Lasik Eye Surgery Board Index


"Corrective" is an extremely vague term. You need to find out for sure what procedure the doctor is talking about. Since he mentioned "glare" and "trails", he is talking about higher-order aberrations of the eye. So most likely the procedure he is recommending is "wavefront-guided" (aka "custom wavefront") PRK. If you get bored reading the next few paragraphs, skip to the end....

The term "higher-order aberrations" (HOA) refers to the way the optical properties of the eye are modeled mathematically with Zernike polynomials. If you look up this term you will see it pictured like a pyramid. At the top are the lower-order aberrations, which are relatively simple and are what conventional glasses and contacts correct for. Below the first three rows are the higher-order aberrations, which become increasingly numerous and complex; they [I]cannot[/I] be corrected by conventional lenses. They have names like coma, spherical aberration, and trefoil. For example, when your doctor mentioned "trails" he could have meant coma (the term refers to a comet-like appearance, i.e. seeing a "tail" coming off of bright objects).

All eyes naturally have a certain amount of HOA because no cornea has a perfectly smooth, regular surface. Wavefront-guided (WFG) procedures attempt to analyze the HOA to provide a more detailed and precise map of the eye to guide the laser correction. In principle, WFG can be used with any excimer laser refractive surgery (Lasik, PRK, LASEK, etc.). WFG [I]may[/I] improve these naturally-occurring HOA. However, when you look at the medical literature, the doctors are really saying that WFG [I]may[/I] reduce existing HOA and [I]may[/I] induce [I]less additional[/I] HOA. So you could still end up with more HOA after WFG.

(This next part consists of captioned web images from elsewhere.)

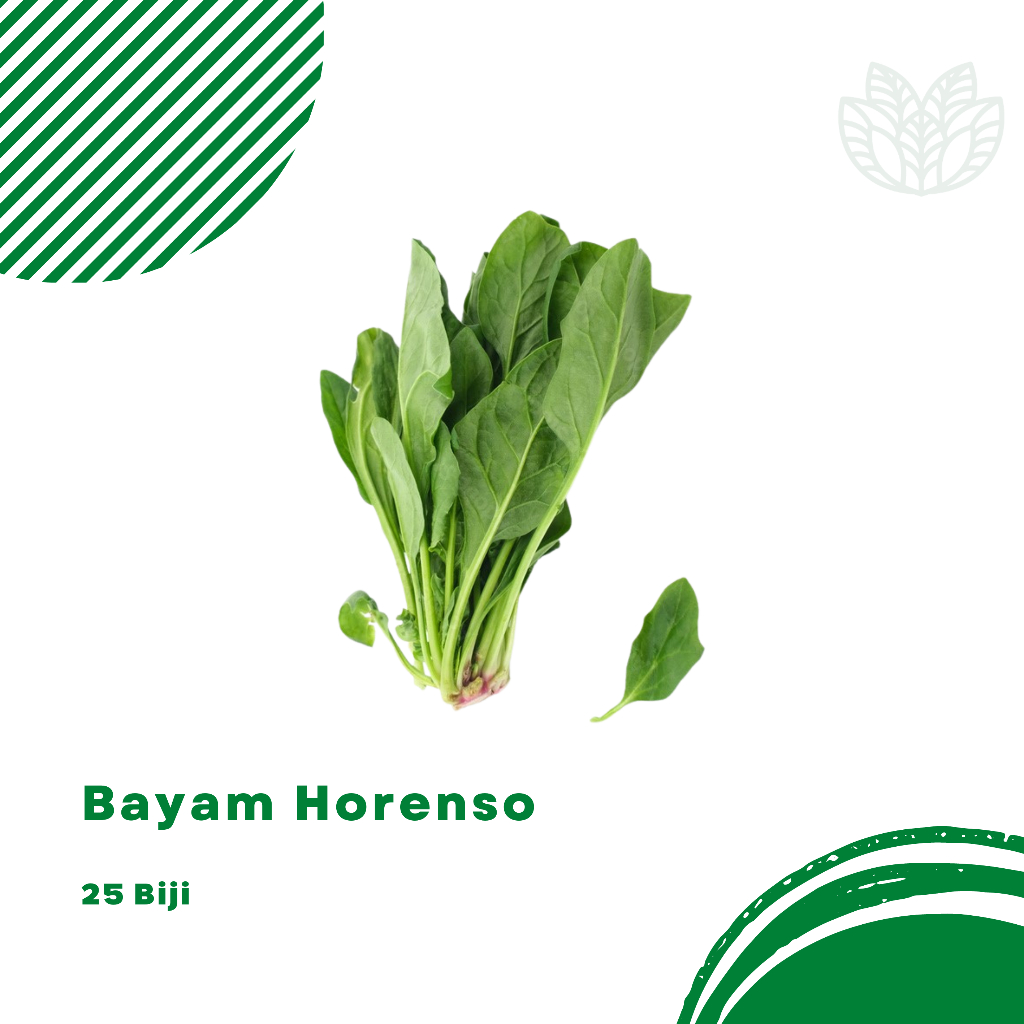 Benih Biji Bayam Horenso  Bayam Jepang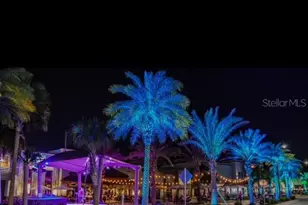 2920 On The Rocks Pt, Kissimmee, FL 34747 - Photo 59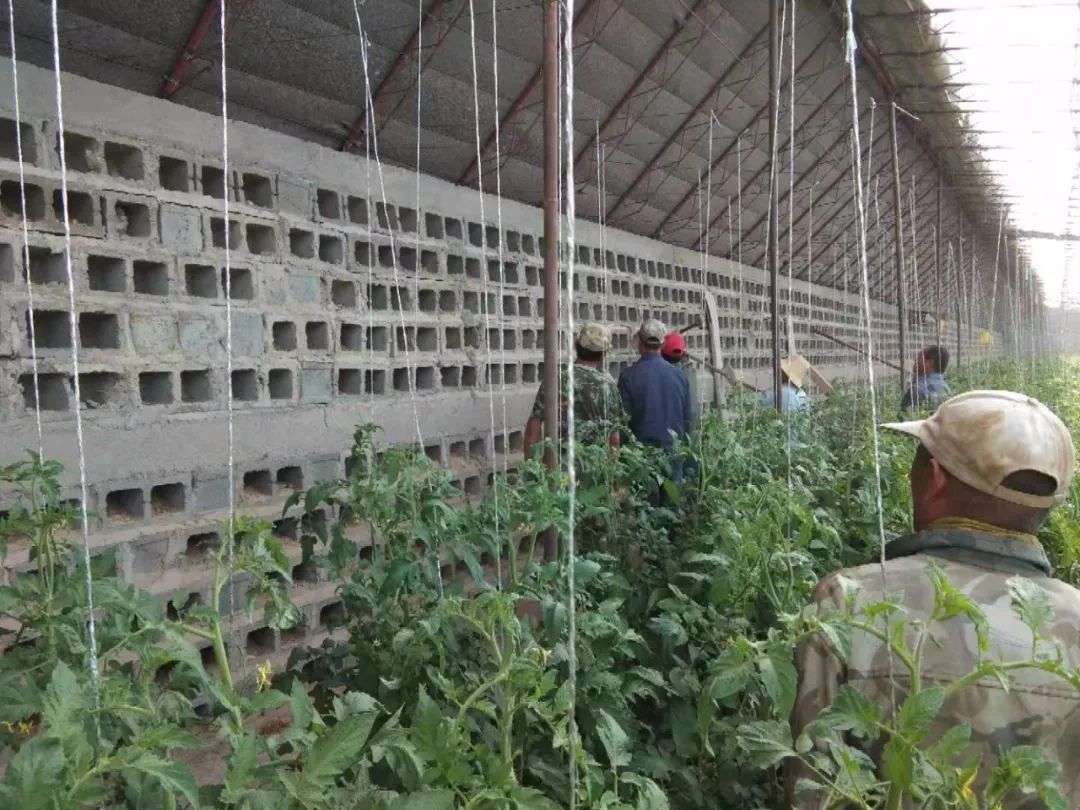 戈壁温室“脱胎换骨” 为肃州生态农业发展注入新动能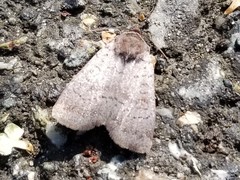 Protolampra rufipectus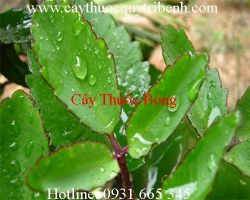 Mua bán cây thuốc bỏng tại Hải Dương có tác dụng chữa trị bệnh gout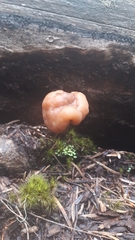 Cudonia monticola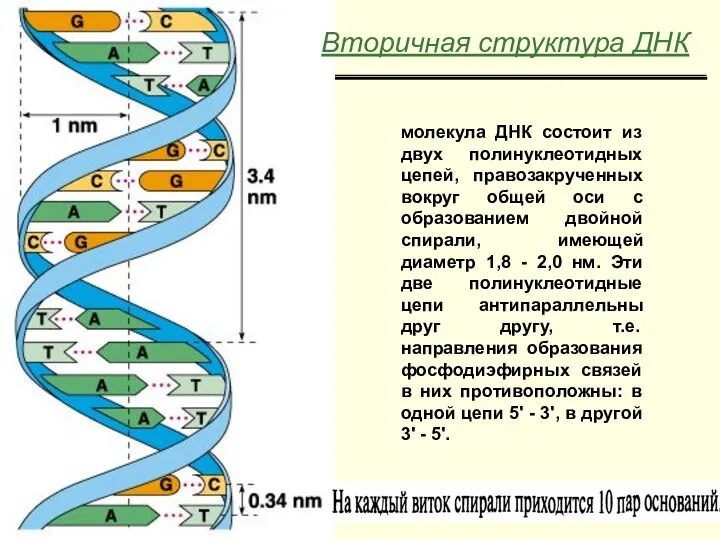 Вторичная структура ДНК молекула ДНК состоит из двух полинуклеотидных цепей, правозакрученных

The bottom line is that even though WFG is superior in theory, in reality there are many factors that can compromise your outcome. These include:
(1) Accuracy of the wavefront scans. How advanced is the aberrometer being used? How well is it calibrated? Is every effort made to ensure optimal scan conditions, which include precise alignment of the aberrometer to the eye and discarding results when you move your eye or blink? Most likely the doctor has delegated these tasks to a staff person with no medical degree - how much do you trust that person to perform an excellent job?
(2) Repetition and stability of the wavefront scans. The eye is a living organ and changes to its aberrometry can occur from day to day. How many quality scans have been taken? What is the variation between them? If they are averaged together, will the result truly be a "best fit" for your eye?
(3) Healing of the individual eye. Every eye responds differently to the laser and heals differently afterward. The surgeon uses a "nomogram", which means that s/he makes assumptions about how your eyes will respond depending on your age, sex, prescription, HOA, and even the temperature and humidity of the operating room. These are statistical assumptions and may correspond very well, or may not, to your individual response. This is why advertisements guaranteeing 20/20 vision are fraudulent. Indeed, after your own surgery, your results will be factored into the nomogram in an attempt to improve its accuracy.
(4) Surgical complications. These are simply too numerous to mention.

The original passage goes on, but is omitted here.